%%

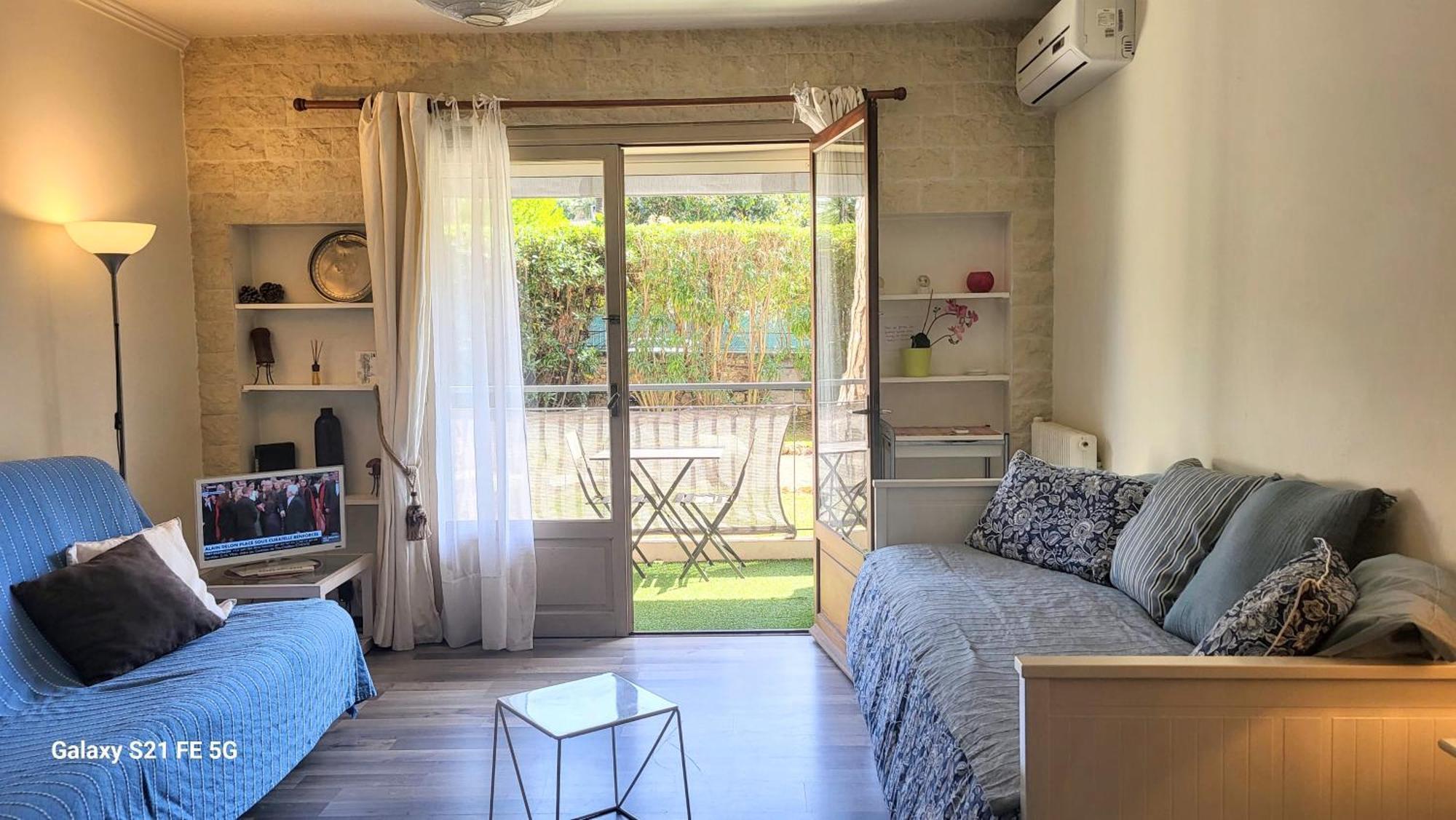 Cannes Studio - Wifi, Clim Ngoại thất bức ảnh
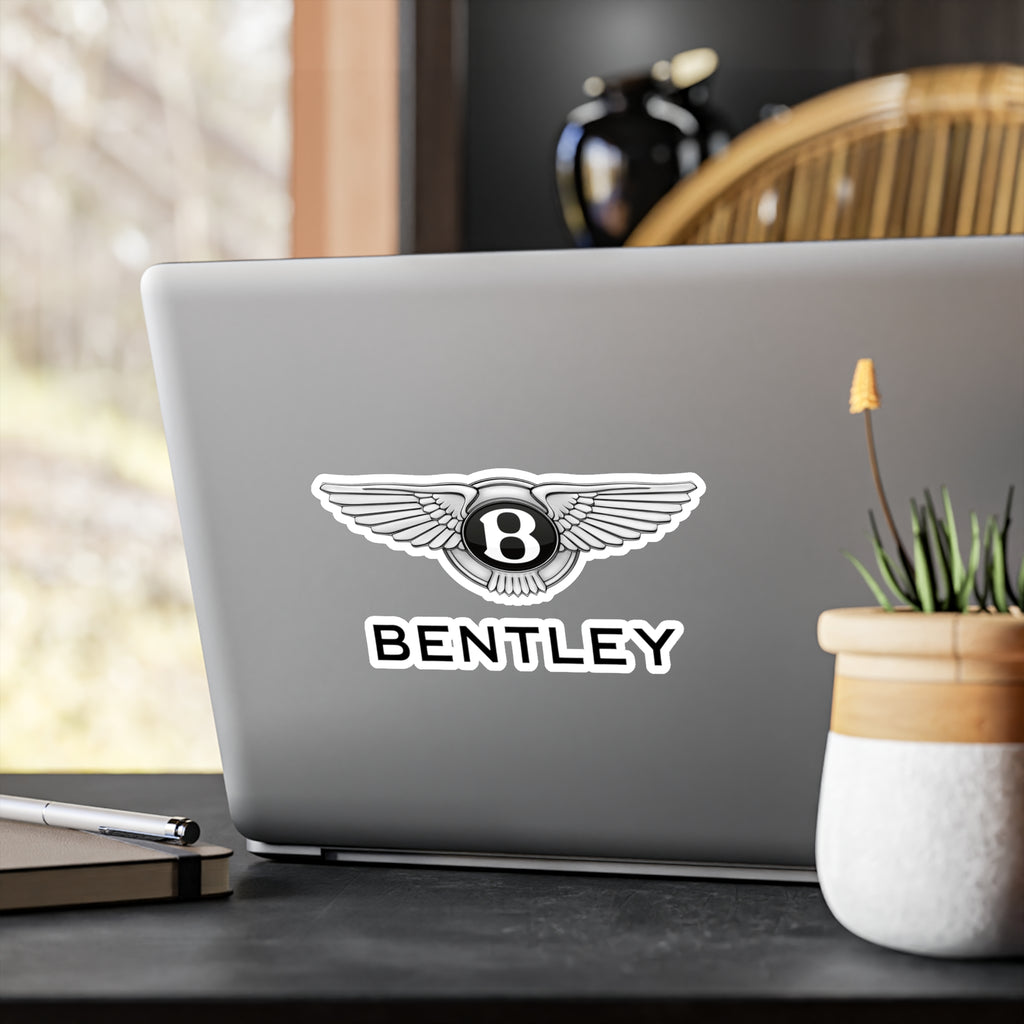 Bentley Vinyl Decal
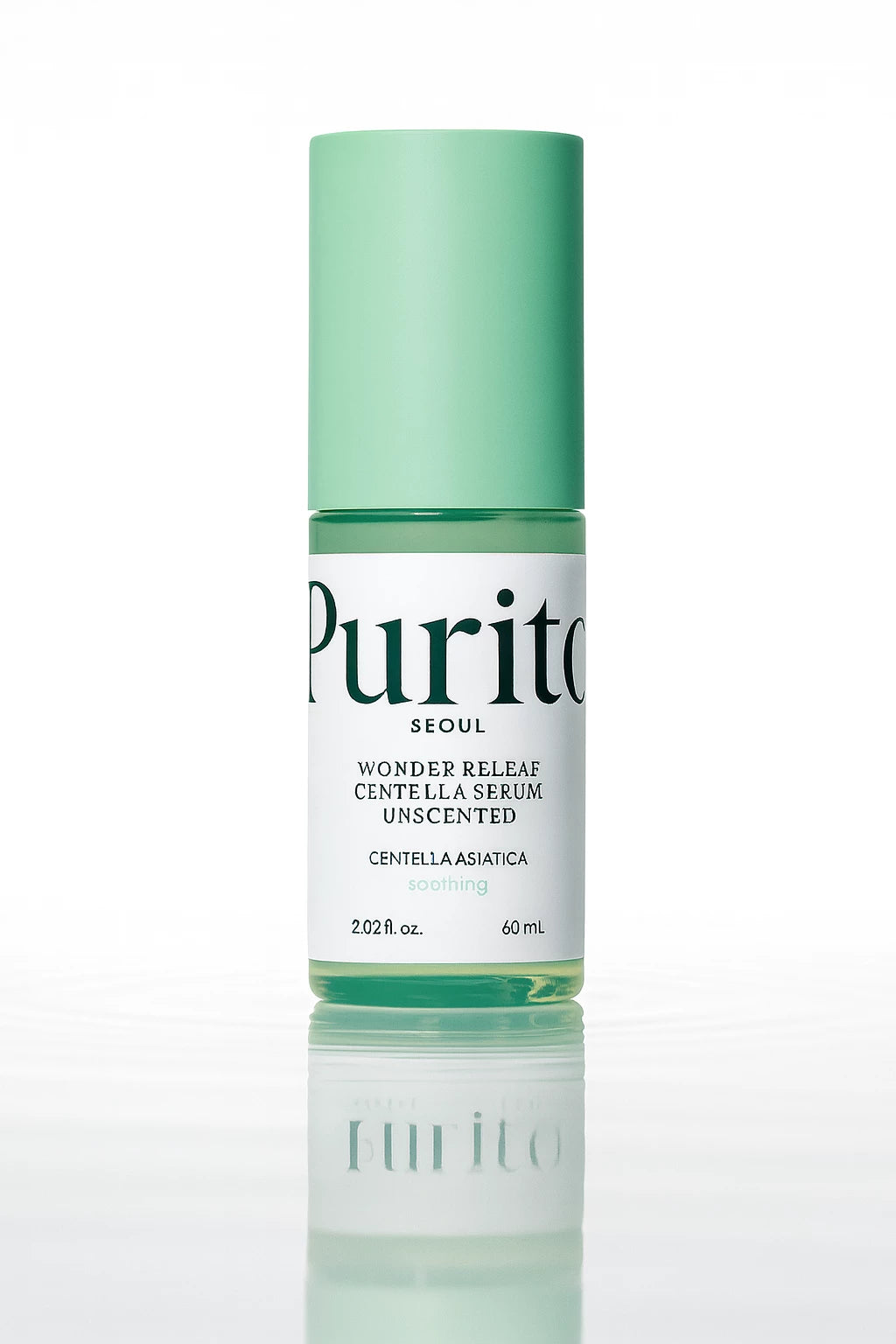 PURITO – Wonder Releaf Centella Serum Unscented (60 ml)
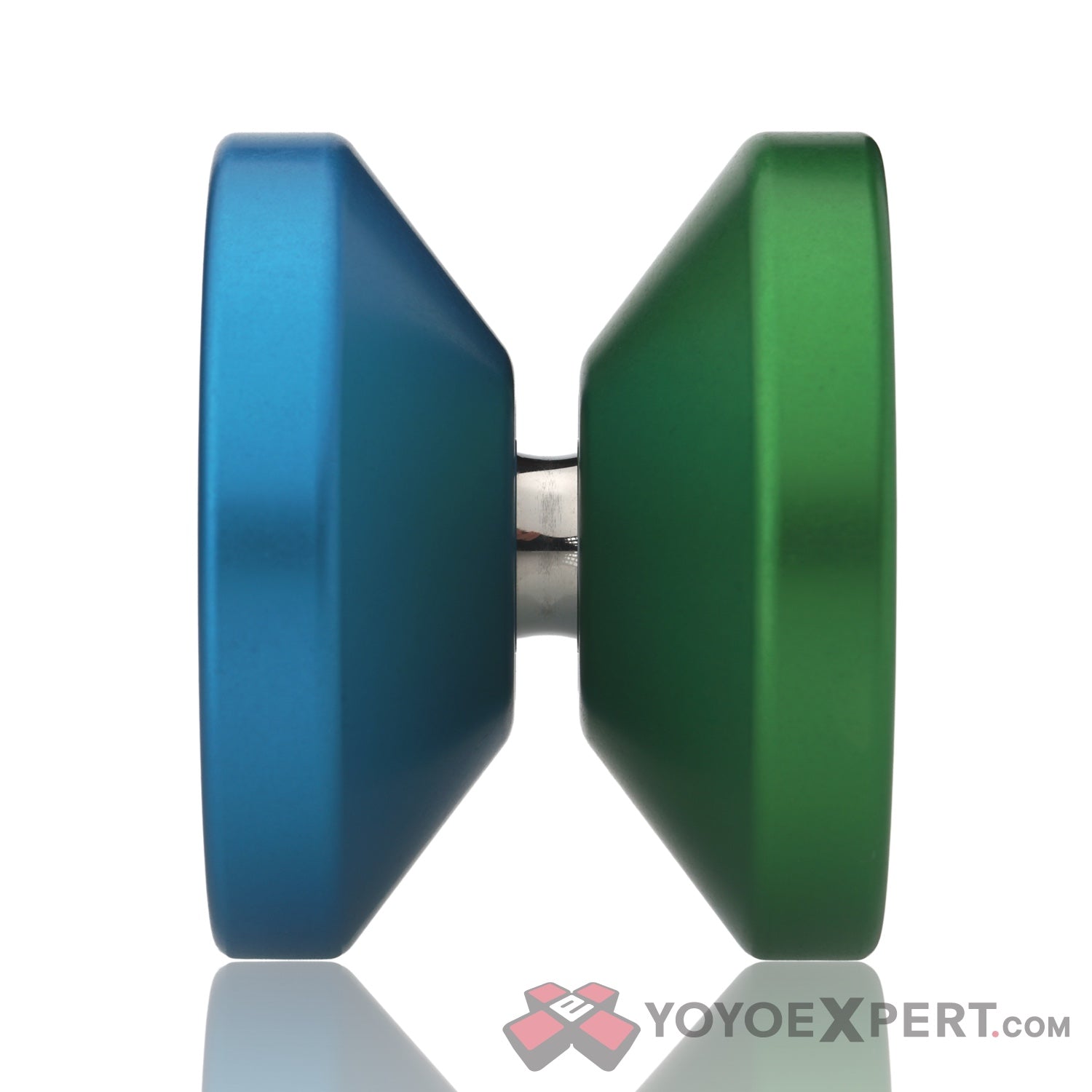 I - Aluminum YoYo by At Design Lab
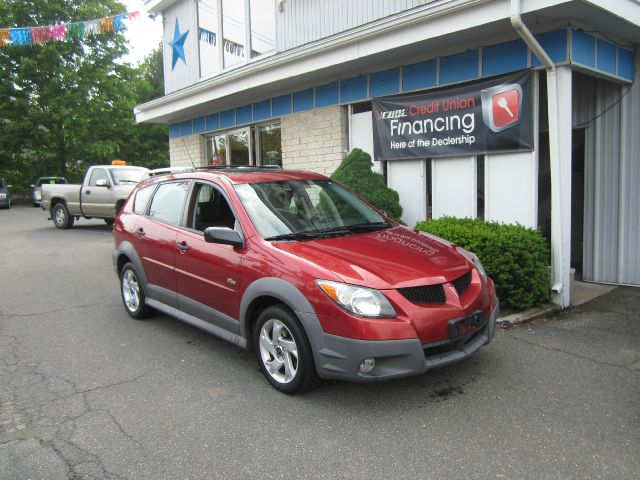 2004 Pontiac Vibe SW2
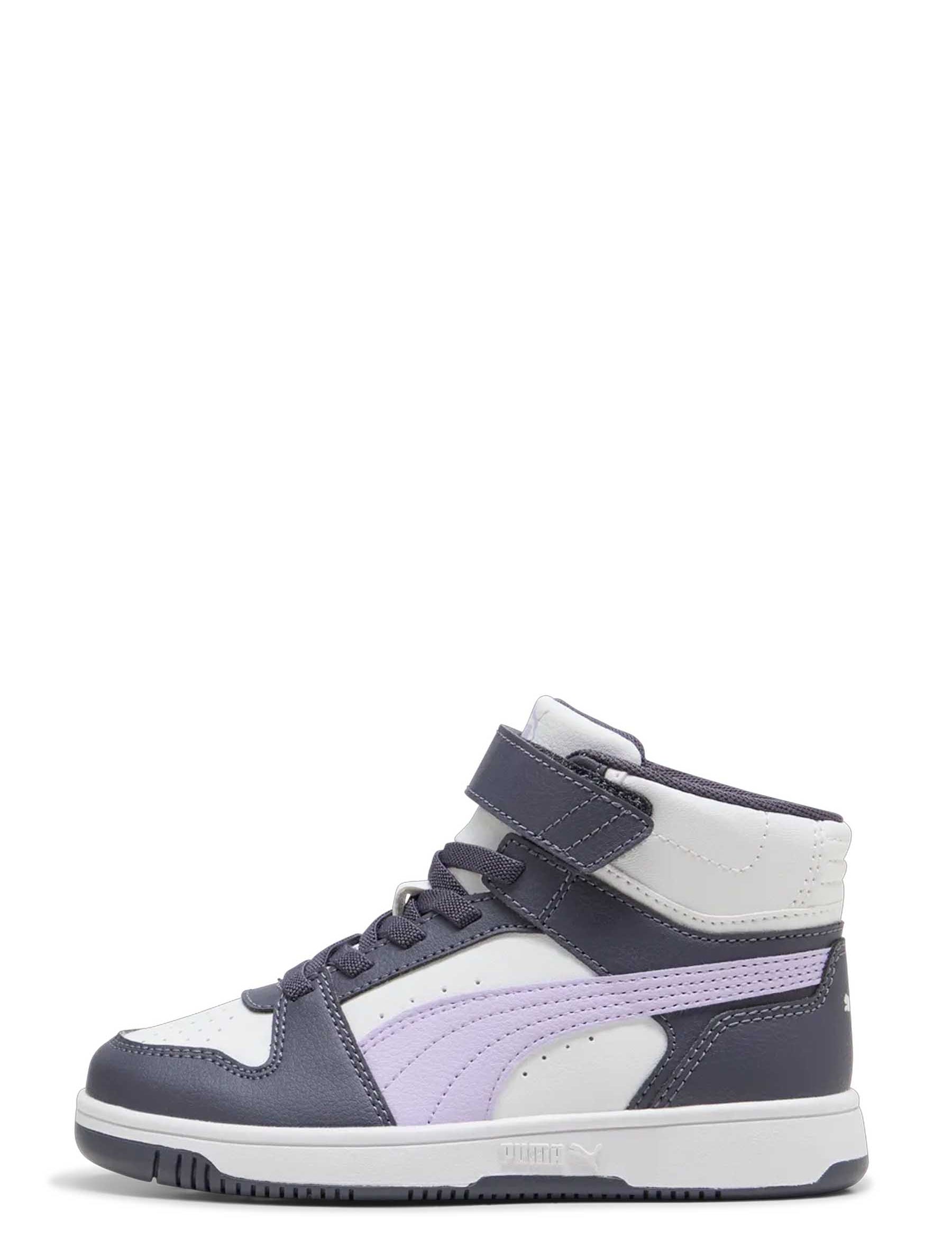 Scarpe con strappi Viola Puma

%%

Work request:
Please give the data again unaltered, leaving out any images.

Task solution:
 Cannes Studio - Wifi, Clim Ngoại thất bức ảnh
 Bentley Vinyl Decal
 PURITO – Wonder Releaf Centella Serum Unscented (60 ml)
 I - Aluminum YoYo by At Design Lab
 2004 Pontiac Vibe SW2
 Scarpe con strappi Viola Puma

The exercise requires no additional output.